Micro-assessments break down what would be a large, monolithic exam into smaller, more focused evaluations. Each assessment is tied to a specific “learning gig,” providing a clear pathway for both study and mastery. The materials for these micro-assessments are transparently available, and the questions are direct, culled from the educational resources themselves. In contrast to the sometimes tricky questions often found in standardized tests, these queries are straightforward, designed to assess true understanding rather than the ability to navigate a confusing question.

The system is also built to identify which questions throw off otherwise good students so that the questions can be reviewed and clarified if need be. The goal is never a hierarchy of grades – but a simple pass/fail of sufficient mastery of the topic.  And failure only means to go back, study, and try again.

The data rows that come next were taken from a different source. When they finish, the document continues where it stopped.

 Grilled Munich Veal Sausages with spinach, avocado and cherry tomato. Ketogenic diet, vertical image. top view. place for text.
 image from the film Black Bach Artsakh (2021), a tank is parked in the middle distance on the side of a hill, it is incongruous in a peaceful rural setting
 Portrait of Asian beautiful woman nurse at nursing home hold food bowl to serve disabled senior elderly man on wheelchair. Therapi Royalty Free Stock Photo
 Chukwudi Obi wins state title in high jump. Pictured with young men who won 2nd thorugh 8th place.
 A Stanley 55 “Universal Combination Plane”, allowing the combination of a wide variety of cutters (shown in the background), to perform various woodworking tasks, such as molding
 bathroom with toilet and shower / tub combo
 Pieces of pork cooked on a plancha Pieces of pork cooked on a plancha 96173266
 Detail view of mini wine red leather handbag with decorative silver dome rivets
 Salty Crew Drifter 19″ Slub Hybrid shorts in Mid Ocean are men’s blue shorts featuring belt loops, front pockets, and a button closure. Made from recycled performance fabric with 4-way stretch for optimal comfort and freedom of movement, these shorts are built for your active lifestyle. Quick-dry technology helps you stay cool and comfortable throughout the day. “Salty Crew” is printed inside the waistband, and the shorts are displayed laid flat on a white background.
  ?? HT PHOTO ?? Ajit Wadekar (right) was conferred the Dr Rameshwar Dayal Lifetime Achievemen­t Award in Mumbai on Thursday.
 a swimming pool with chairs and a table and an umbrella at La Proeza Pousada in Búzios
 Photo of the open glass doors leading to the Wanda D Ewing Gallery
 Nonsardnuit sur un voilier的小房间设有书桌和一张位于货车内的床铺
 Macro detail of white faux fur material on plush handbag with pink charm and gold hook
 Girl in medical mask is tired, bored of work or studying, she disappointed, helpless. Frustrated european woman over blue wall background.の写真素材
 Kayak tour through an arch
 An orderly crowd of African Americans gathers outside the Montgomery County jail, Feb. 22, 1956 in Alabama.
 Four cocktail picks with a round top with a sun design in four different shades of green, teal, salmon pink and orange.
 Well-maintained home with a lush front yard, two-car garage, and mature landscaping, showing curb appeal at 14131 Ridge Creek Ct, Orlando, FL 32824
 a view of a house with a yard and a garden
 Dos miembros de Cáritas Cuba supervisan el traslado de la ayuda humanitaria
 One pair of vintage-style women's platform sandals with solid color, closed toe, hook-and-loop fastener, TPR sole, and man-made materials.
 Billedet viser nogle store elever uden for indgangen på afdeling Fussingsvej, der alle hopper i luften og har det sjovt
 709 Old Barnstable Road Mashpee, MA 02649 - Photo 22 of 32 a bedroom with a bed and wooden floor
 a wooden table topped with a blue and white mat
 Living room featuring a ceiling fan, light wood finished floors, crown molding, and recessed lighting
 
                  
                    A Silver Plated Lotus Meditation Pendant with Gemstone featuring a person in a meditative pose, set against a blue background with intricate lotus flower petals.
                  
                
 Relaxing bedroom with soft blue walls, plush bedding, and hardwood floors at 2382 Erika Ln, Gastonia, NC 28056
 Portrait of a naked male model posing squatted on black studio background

Mastery Learning: A New Paradigm

Mastery is not about recalling facts from two years ago; it’s about understanding a concept so thoroughly that you can apply it in real-world situations. Traditional educational models focus on a broad curriculum, much of which is forgotten soon after the final exam. The mastery model, however, focuses on specific, useful, and concise information that a student must understand deeply. 

The Retention Equation

Let’s confront an educational reality: much of what we learn in school is forgotten. Yet, the concept of mastery coupled with micro-assessments challenges this norm. By focusing on more specific and applicable knowledge—and by actually applying it in various projects—students are more likely to retain what they’ve learned. And because they don’t have to cram a multitude of topics for a single, high-stakes test, they’re also less likely to forget material after the assessment. Continuous, lifelong learning is a habit that is built from an early age and carried into adulthood.

A Harmonious Symbiosis

Mastery learning and micro-assessments offer a harmonious solution to many of the problems plaguing traditional educational assessment methods. With the added layer of financial incentives, these focused, accountable assessments pave the way for a more equitable, effective, and enriching educational experience. As we move toward this new model, we’re not just paying students to learn; we’re investing in a future where education is both a personal achievement and a societal good.

Student Perspective: Attendance

How students see attendance as reported by multiple surveys.

We conducted surveys in multiple schools that have a population where attendance is an issue. As of this writing, 100% of students have reported that being paid to go to school would improve their attendance.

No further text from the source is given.